Though it took him until age 5 to learn to walk and until age 16 to tie his shoes, Roger Crawford said he wouldn't trade the underdeveloped arms and legs with which he was born.
A brief experience with prosthetic hands taught him that, he recalled Tuesday at a lunch to benefit Siskin Hospital for Physical Rehabilitation.
"I gotta tell you this, I don't know what people do with 10 fingers," he said to laughter from the crowd. "Frankly, it seems like a waste. I was poking myself in the eyes."
But more importantly, his disability has taught him that one's life is ultimately defined by what one chooses to dwell on -- hope and gratitude or anxiety and negativity, he said.
"My hands have been much more of a blessing than a burden. Because when I look at my hands, you know what they remind me? Never, ever quit," he said.
Mr. Crawford, an NCAA Division I Tennis Champion and a member of the National Hall of Fame for People with Disabilities, gave the keynote address at Siskin Hospital's seventh annual "Possibilities" luncheon. The event celebrates the achievements of those with disabilities and seeks to raise money to support the facility, which celebrated the 20th anniversary of its first patient admission this month.
Donations to Siskin help fund therapy for patients who are otherwise unable to afford it, but the needs are rising, said Bob Main, president and CEO.
More people are losing their health insurance in the economic recession, he said, and possible TennCare cuts to outpatient rehabilitation services loom on the horizon.

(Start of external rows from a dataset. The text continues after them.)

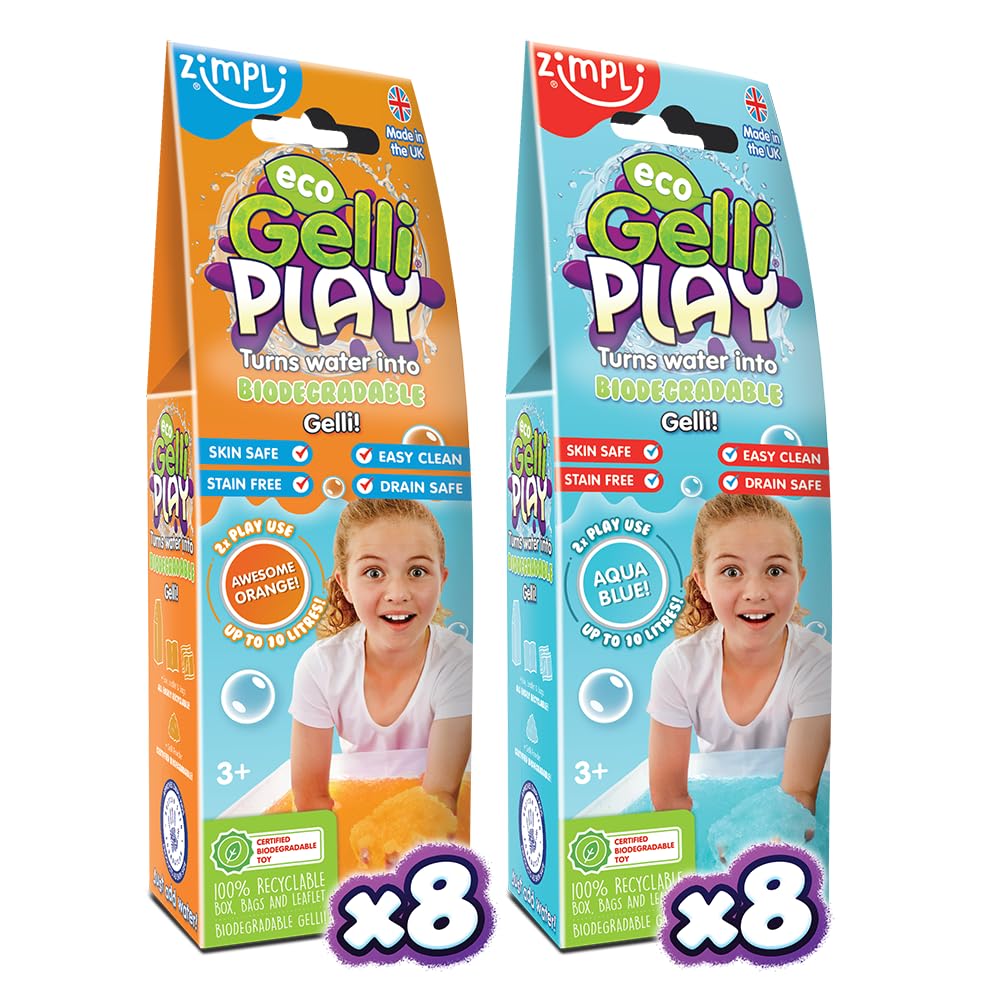 ZIMPLI - 16 x Eco Gelli Play, Magically turns water into thick, colourful goo, Children's Montessori Preschool Play Toy, Eco-Friendly Play Toy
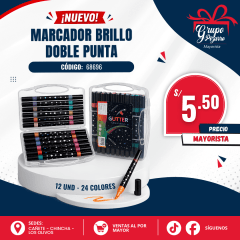 MARCADOR GLITTER X12 DOBLE PUNTA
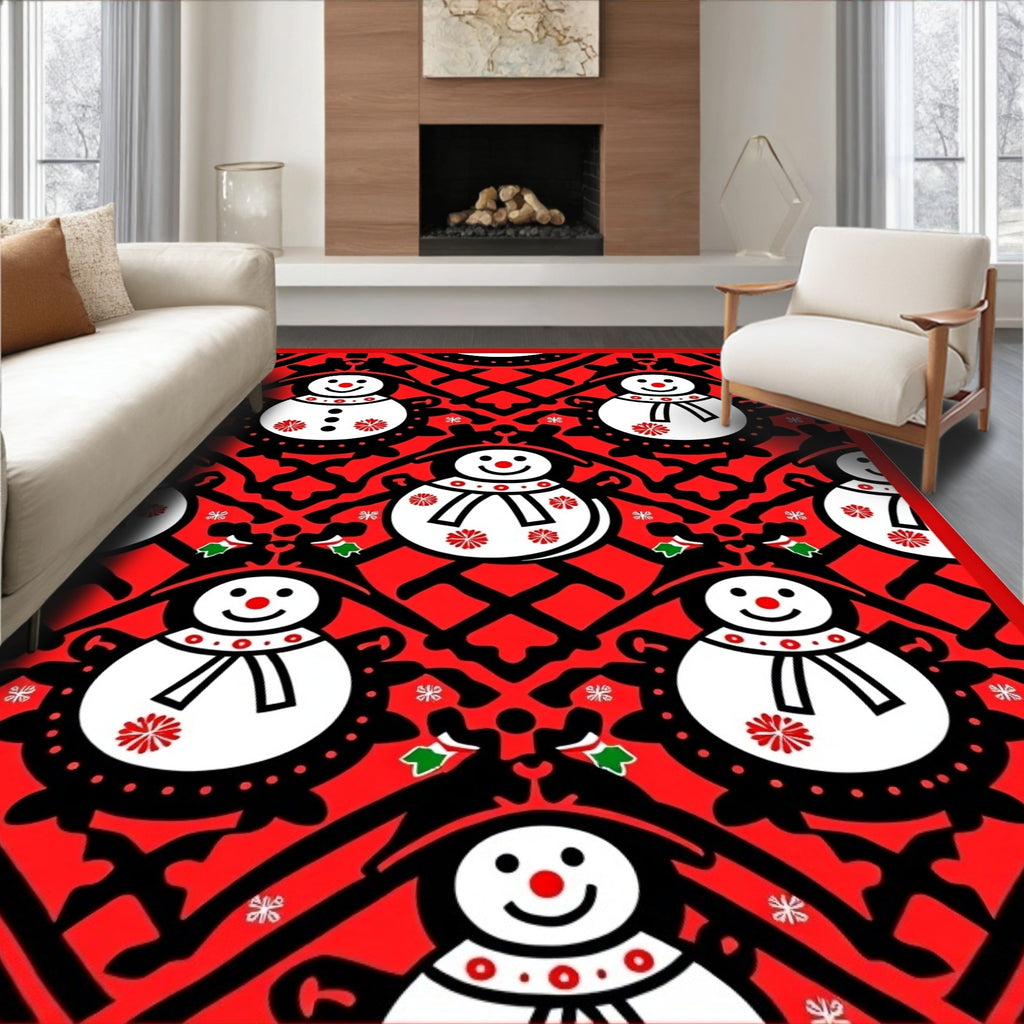 Cute Red Snowman Holiday Medallion Rug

Rehabilitation services can bring independence and dignity to the lives of people who otherwise would be facing severe disability and the potential for costly medical complications down the road, he said.
"We believe strongly that we can keep people out of the health care system," he said. "That's the part that's so frustrating. We know we can help people. But the demands are so great, we can't take them all in."
WORDS OF WISDOM
Tidbits from inspirational speaker Roger Crawford, who spoke at a benefit for Siskin Hospital for Physical Rehabilitation on Tuesday:
* "I am absolutely convinced that the essence of my life is really not far different than your life because part of the human experience is that all of us are going to face adversity. Challenges, if you will, are inevitable, but I am convinced that defeat is optional."
* "I finally learned to tie my shoes, and the next day, someone invented Velcro."
* "I got involved in track and field. I learned how to throw the javelin. Well, I have to admit to all of you, when I threw the javelin, I didn't set many records, but I'll tell you this: I kept the crowd alert."
Physical therapy at Siskin has helped 20-year-old Sam Dowlen, of Signal Mountain, come back from a devastating injury. He broke his neck on a backyard water slide in August and was paralyzed from the shoulders down. He underwent inpatient physical therapy at an Atlanta hospital for two months before he began regular outpatient sessions at Siskin.
For his mother, Katie Dowlen, her son's recovery of nearly all his functions, aside from some lingering coordination problems, has been a "miracle."
"I'm just so grateful that there are people who give their lives to helping people learn to live to their full potential," she said.